DealLawyers.com Blog

November 22, 2019

Hostile Deals: Xerox Gives HP a “Bear Hug”

Xerox turned up the heat on its unlikely bid for HP yesterday when it sent a letter to HP’s board stating its case for a deal & threatening to “take its compelling case to create superior value for our respective shareholders directly to your shareholders” unless HP agreed to allow Xerox to conduct due diligence.

That’s a good old fashioned “bear hug” – a letter designed to maximize the pressure on a target’s board to move forward with a deal.  It usually includes some kind of a threat to launch a hostile bid unless the bidder gets a favorable response from the board within a short period of time.  These aren’t always made public – at least at first – but they’re always drafted with an eye on their ultimate public disclosure.

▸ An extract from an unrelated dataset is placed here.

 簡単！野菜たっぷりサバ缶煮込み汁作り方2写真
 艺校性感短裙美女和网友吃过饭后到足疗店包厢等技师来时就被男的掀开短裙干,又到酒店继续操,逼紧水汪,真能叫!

I’ve got to admit, I’m a sucker for these letters.  Xerox’s is one of the more aggressive of the genre – sometimes called a “grizzly bear hug” – because it laid out price & terms and immediately made the letter public.  About a decade ago, the NYT published an article called  “The Art of the Bear Hug”, which recounts prominent examples of the use of bear hug letters.  Here’s an excerpt with a little history about how this practice got its start:

This unusual letter-writing practice dates back to the early 1980s. Bruce Wasserstein, Lazard’s chairman and a longtime player in the mergers game, tracks the practice back to 1982, when Boone Pickens sent a bear hug letter to Cities Service, a small oil company.

Mr. Pickens made “an offer directly to Cities’ C.E.O. and announced it to the world,” Mr. Wasserstein wrote in his book “Big Deal.” “The likelihood of that happening was slim. However, that wasn’t the point. Pickens just wanted to build pressure on Cities’ incumbent managers and board of directors.”

And that last sentence summarize what these things are all about.  Bear hug letters are ultimately a pressure tactic to get a target’s board to the negotiating table.  That’s why they prominently feature some spin about the premium being offered and the other wonders associated with the combination. Xerox’s letter is no exception.

But it’s not all about the spin.  These letters are often intended to create disclosure issues for the target under the federal securities laws and they may also implicate state takeover statutes – which can sometimes be a trap for the unwary for a bidder who doesn’t pay close attention to the wording of the bear hug.

Xerox’s threat to go hostile isn’t its only leverage point with HP – and it’s probably not even close to being its most significant one. After all, activist Carl Icahn holds a big stake in both companies & is on record as supporting a combination.